Number of Professors 5, one vacancy.—Expenses per session: tuition
$15, room-rent 1, servant hire 2, board 6 to 8 per month; washing,
mending and bed, 8; deposit, most of which is returned, $3—The
annual Commencement is on the fourth Thursday in June.—First vacation,
six weeks from the fourth Thursday in June; second vacation, four weeks from
the 15th of Dec. (December 15, 1833:3)
During the 1830s enrollments increased only slightly, from 107
students in 1831 to 151 by 1839.
1 The number of
faculty members remained the same as in the 1820s—a president, five
professors, and two or three tutors.
Nicholas Hentz
resigned in 1831, so French was not taught until 1836, when
A.
Burgevin became the professor of modern languages.
Burgevin,
a native of
France and a
Roman
Catholic, stayed only a few months, and little is known about him, not
even his first name. In 1833
Walker
Anderson
was elected professor of natural philosophy and astronomy,
offering relief to
Elisha
Mitchell
, who became acting president as
Joseph
Caldwell's
health declined.
On January 27, 1835,
Professor
Caldwell
died. In considerable pain for several years with what may have
been kidney stones, he had decreased his teaching and administrative duties for
at least a year prior to his death. His passing saddened students, faculty, and
friends of education throughout the state. His presidency had been the stable
influence needed to establish the reputation of the
University, and
Caldwell
saw it through difficult financial and political
times.
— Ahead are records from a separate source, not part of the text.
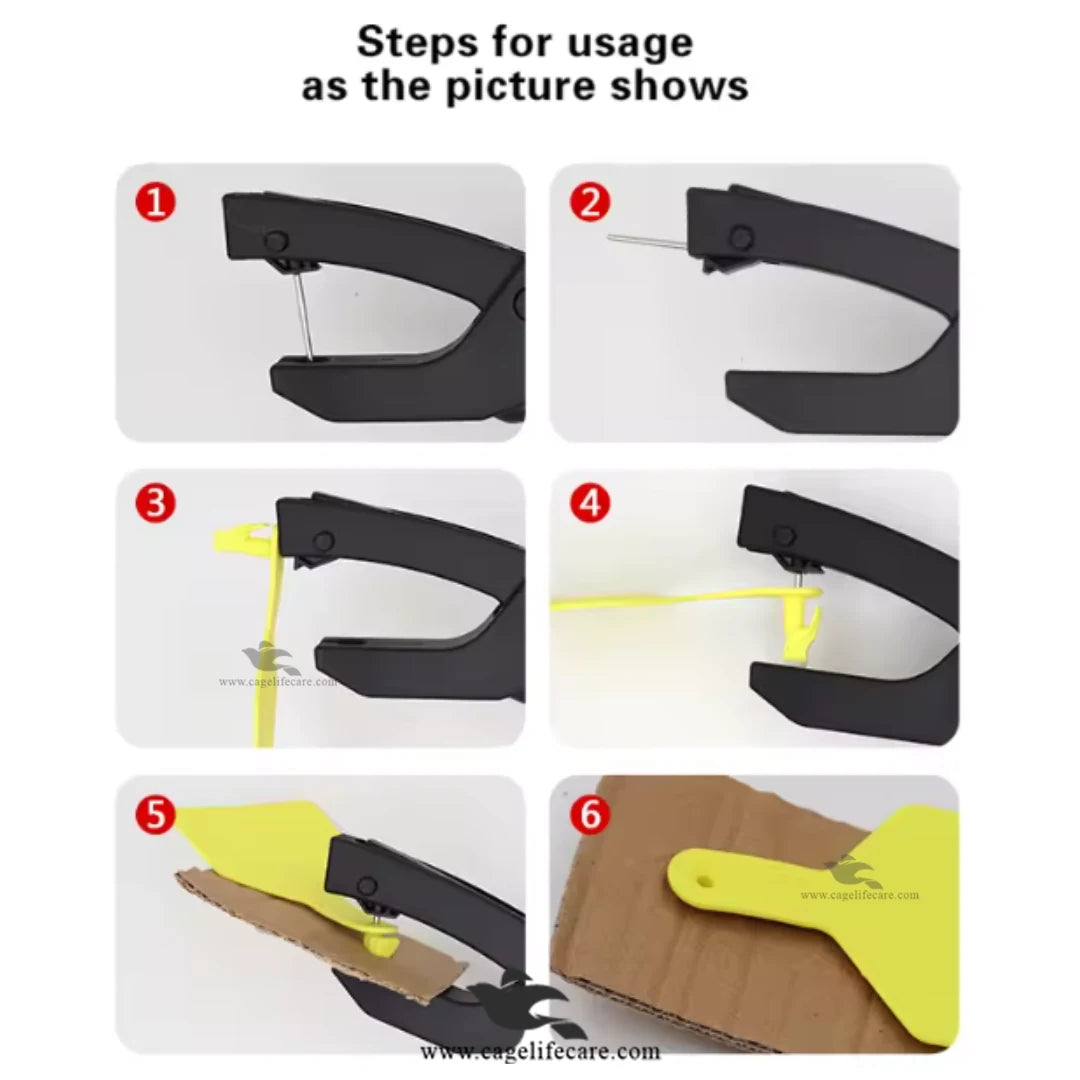 Ear Tag Applicator Plier for Livestock, Cattle, Buffalo, Sheep & Goats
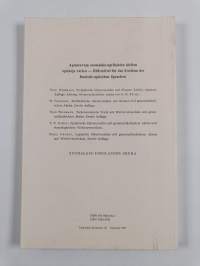 Lappische Chrestomathie mit grammatikalischem Abriss und Wörterverzeichnis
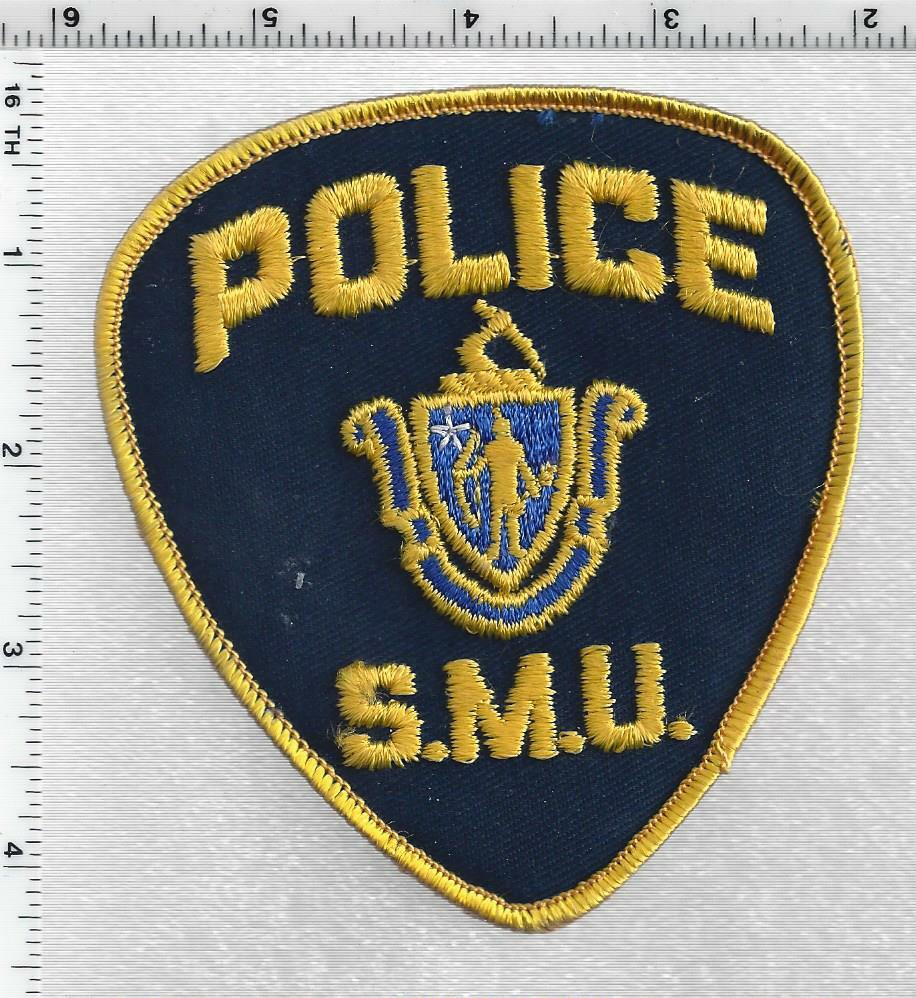 S.M.U. Police (Massachusetts) 2nd Issue Shoulder Patch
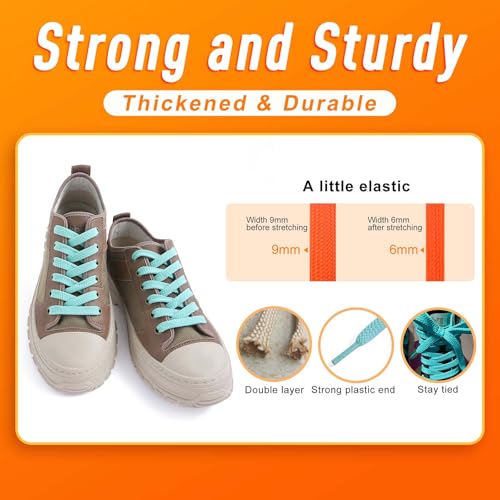 Image of VSUDO Flat Sneaker Shoe Lace, Flat Shoe String for Sneaker, Athletic Shoelace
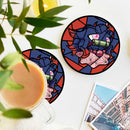 Misdreavus Nezuko Stained Glass Drink Coasters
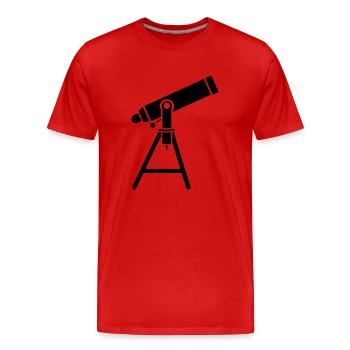 télescope - T-shirt bio Premium Homme - rouge - Devant - Damien (186cm)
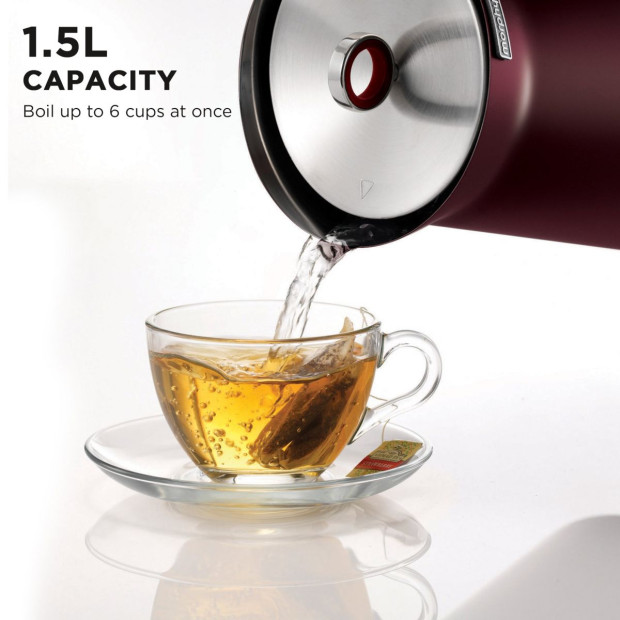 Morphy Richards 1.5L Aspect Kettle Maroon & Cork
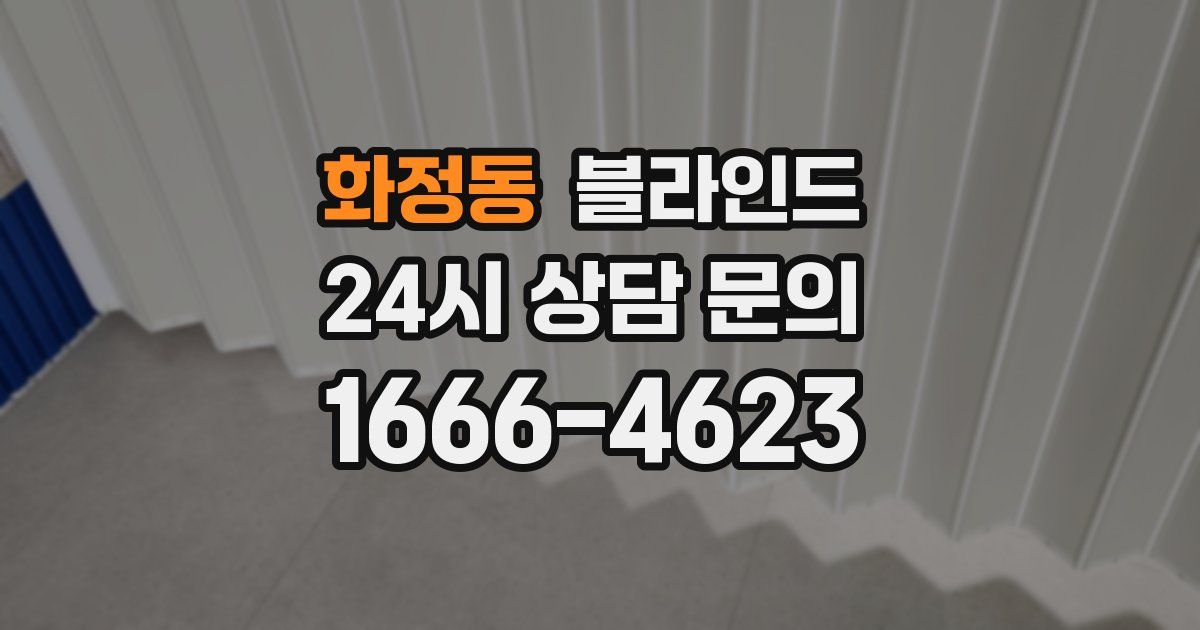 화정동 블라인드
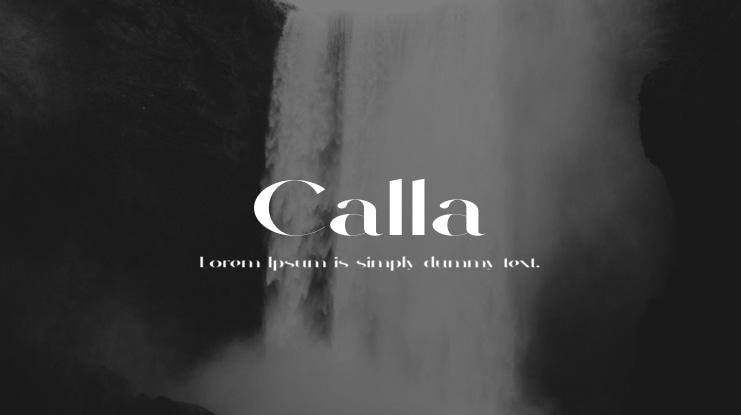Calla Font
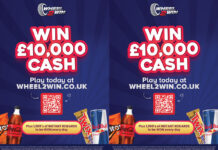 Motor Fuel Group Wheel2Win promotional image offering consumers the chance to win £10,000 cash through the firm's Spin-To-Win game on the app.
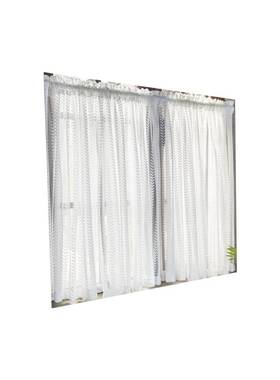 极速白色纱帘麦穗k纱短帘半帘免打孔门帘自粘简约飘窗厨房帘遮挡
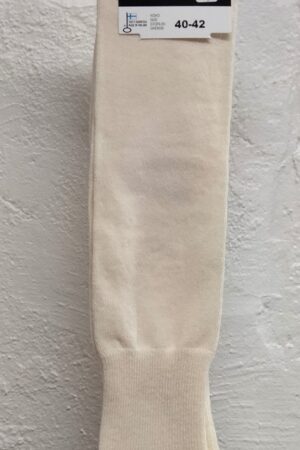 Kansallispuvun polvisukat 40 - 42 luonnonvalkoinen *POISTUU VALIKOIMASTA*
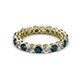 2 - Tiffany 3.00 mm Round London Blue Topaz and Diamond Eternity Band 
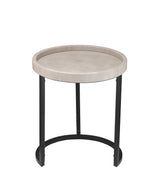 Jamie Young Maddox Faux Shagreen Nesting Tables (Set of 3), Cream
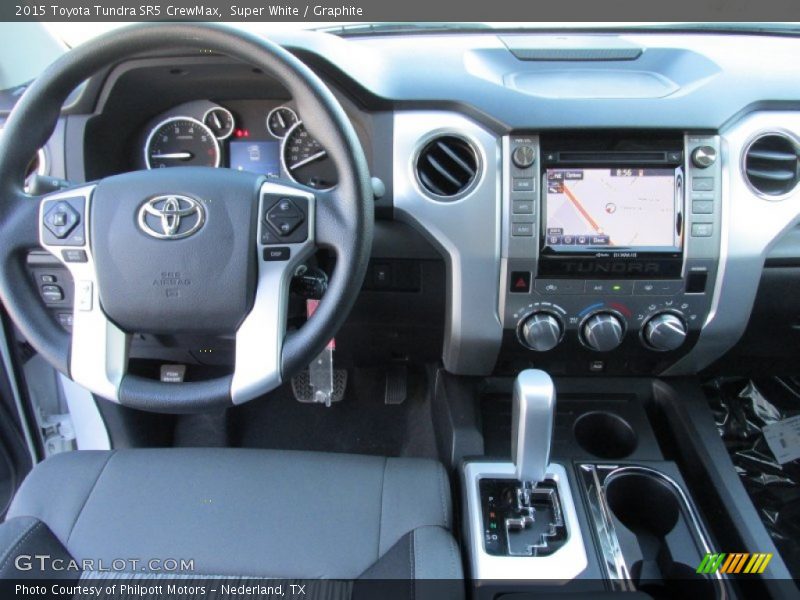 Super White / Graphite 2015 Toyota Tundra SR5 CrewMax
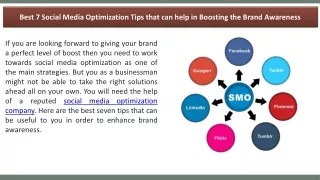 best 7 social media optimization tips that
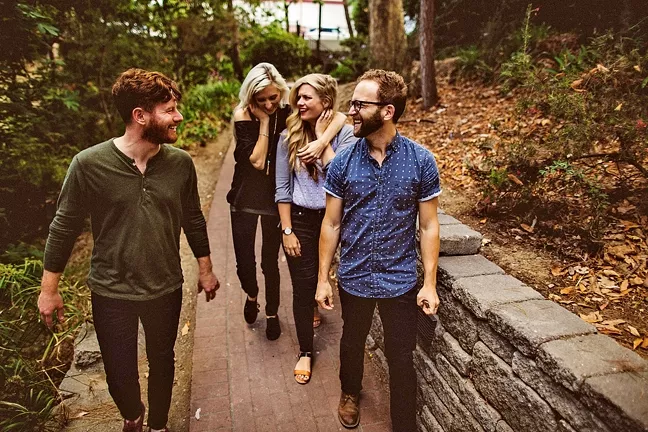 BRING THE JOY: Local pop act Fialta brings their upbeat sounds to SLO Brew on Oct. 17. - PHOTO COURTESY OF FIALTA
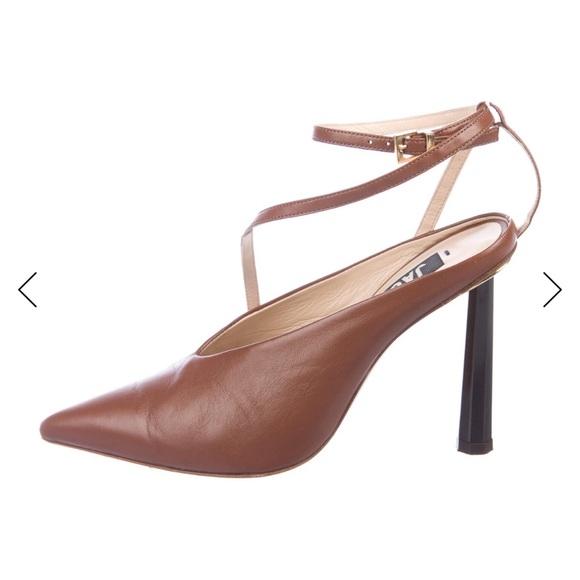 Jacquemus Brown Leather Pumps - Picture 1 of 6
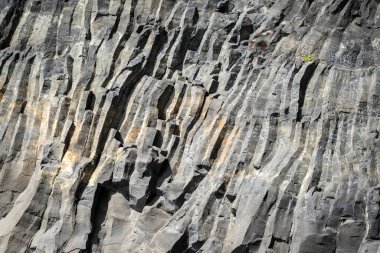 İzlanda 'dan gelen doğal doku, renk ve şekle yakın çekim. Arkaplan için güzel soyut ve sanatsal doğa.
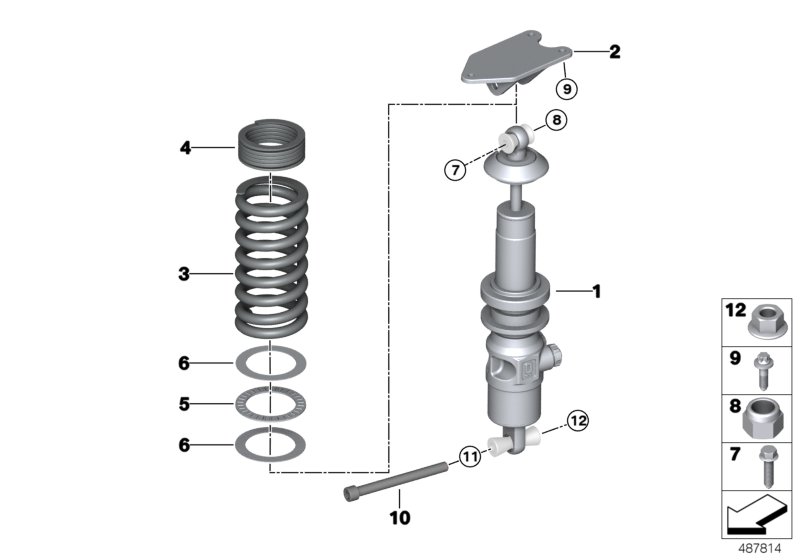 Genuine BMW 33508321018 Rear Coil Spring 170-60-170 (Inc. M4 GT4) | ML Performance UK Car Parts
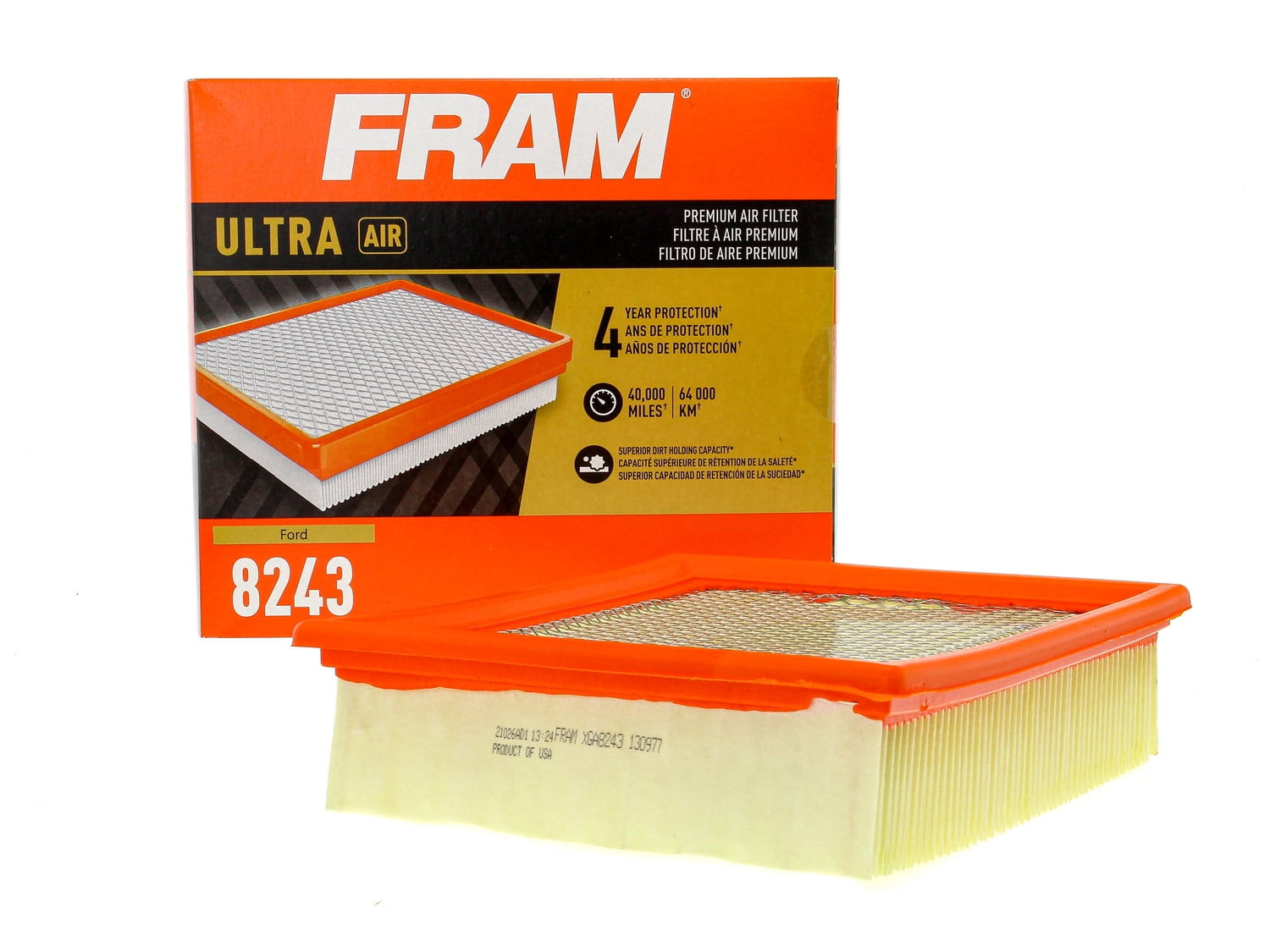 FRAM Ultra Air XGA8243, Premium Engine Air Filter, Replacement Filter for S..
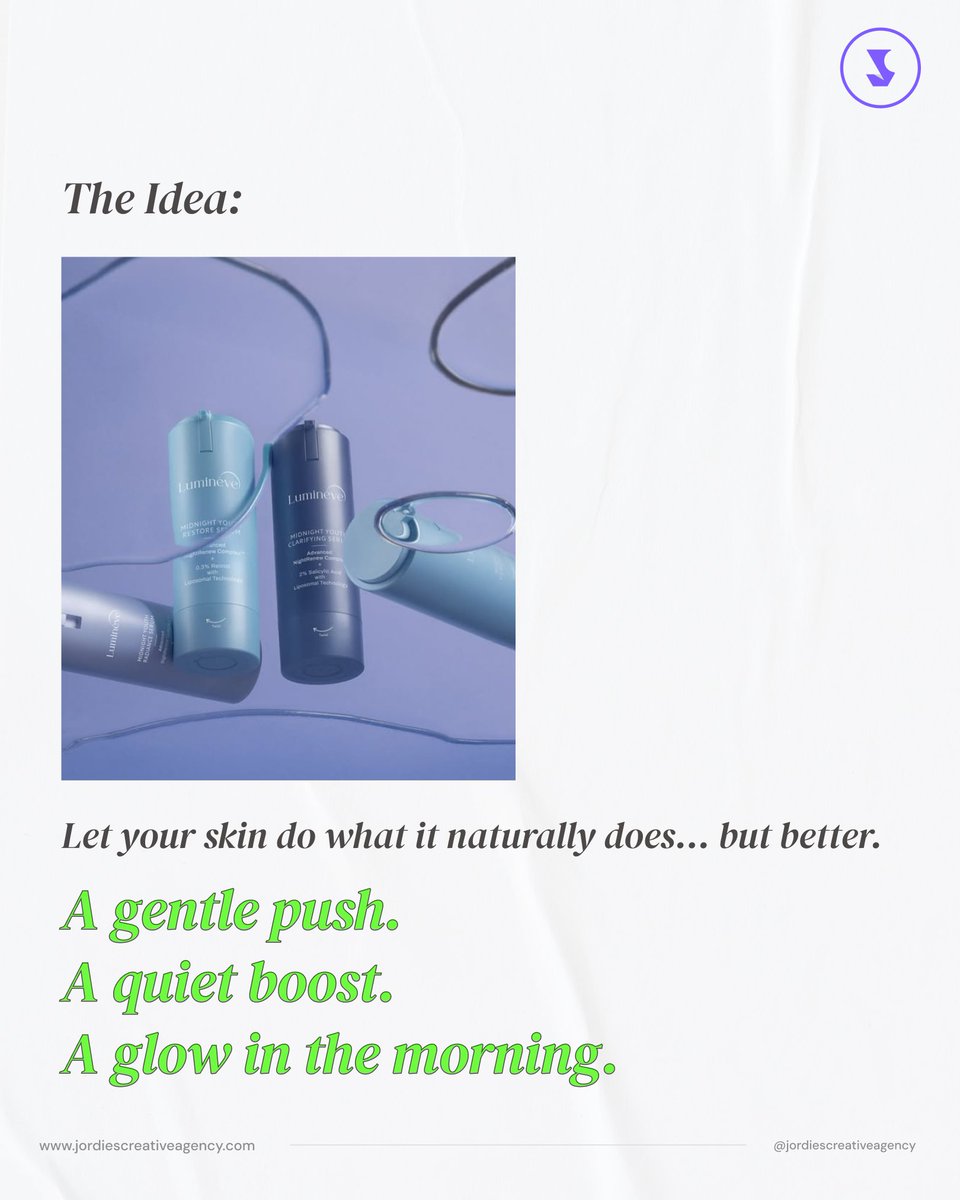 Jordiesagency's tweet image. Soft nights, brighter mornings. 

Credit: E4m 

#NightRoutine #HealthySkinHabits #SlowBeauty #Lumineve #SkinRecovery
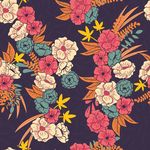 植物无缝印花图案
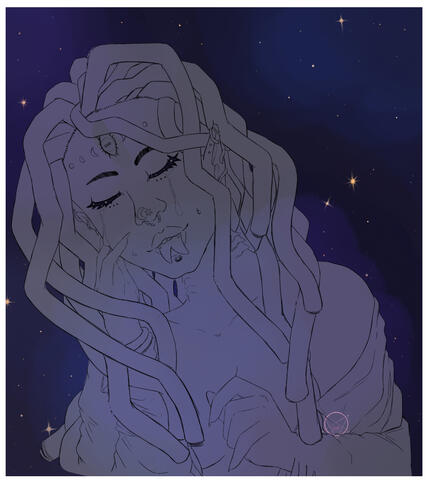 Galaxy goddess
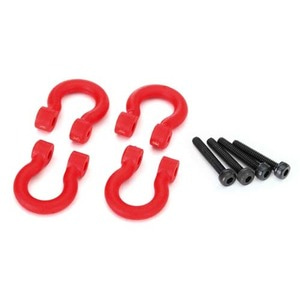 하비몬[#AX8234R] Bumper D-Rings, Red (Front or Rear)/ 2.0x12 CS (4)[상품코드]TRAXXAS
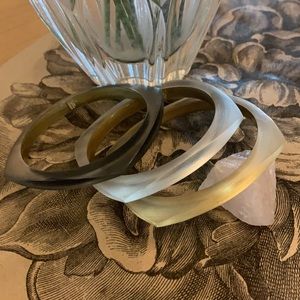 Alexis Bittar Lucite Soft Square Bangle (Set of 3)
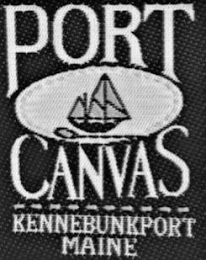 PORT CANVAS KENNEBUNKPORT MAINE logo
He raised money to expand its library and build
Old West and
Gerrard
Hall. In 1832 he constructed at his own expense the
University's first observatory. For almost forty years he managed to
navigate sectional controversies that might have lost the
University friends and supporters.
Some historians believe that
Caldwell's
step-son
William Hooper
saw himself as the next
University
president. In December 1835, however, the trustees elected
David Lowry
Swain
to that post. To some, the choice must have been puzzling.
Swain
was not a "learned man" or a clergyman. He
was young, only thirty-four. Although a
Presbyterian, he doubtless had been selected because of
his experience as a politician, not an academic.
Swain
had served as
North
Carolina's governor from 1832 to 1835. He had been elected to the
board of
trustees in 1831 and, as governor, became its ex officio chair. Board
members evidently thought that he could manage the
University well and perhaps improve its popularity among the
state's political leaders. In hindsight the choice was exactly right, for
Swain's
political skills would be needed to bring the
institution through the three decades leading up to and through the
Civil War.
By January 1836
Swain
and his family had moved to
Chapel
Hill.
A year later
William Hooper
left the
University to become president of the
Furman
Institute in
South
Carolina. In 1838
Hooper's
professorship of ancient languages was abolished
and separate chairs of Greek and Latin were established,
Manuel
Fetter
filling the former and
John
De Berniere Hooper
,
William Hooper's
son-in-law, the latter. That same year
William
Mercer Green
joined the faculty as chaplain and professor of rhetoric
and logic.
Charles
Marey taught French and topographical drawing for a year but was
dismissed for drunkenness in 1839.
Elisha
Mitchell
, appointed under
Caldwell
, continued to teach chemistry, geology, and
mineralogy;
James
Phillips
, another
Caldwell
appointee, mathematics and natural
philosophy.
Two or three tutors rounded out the faculty during the 1830s.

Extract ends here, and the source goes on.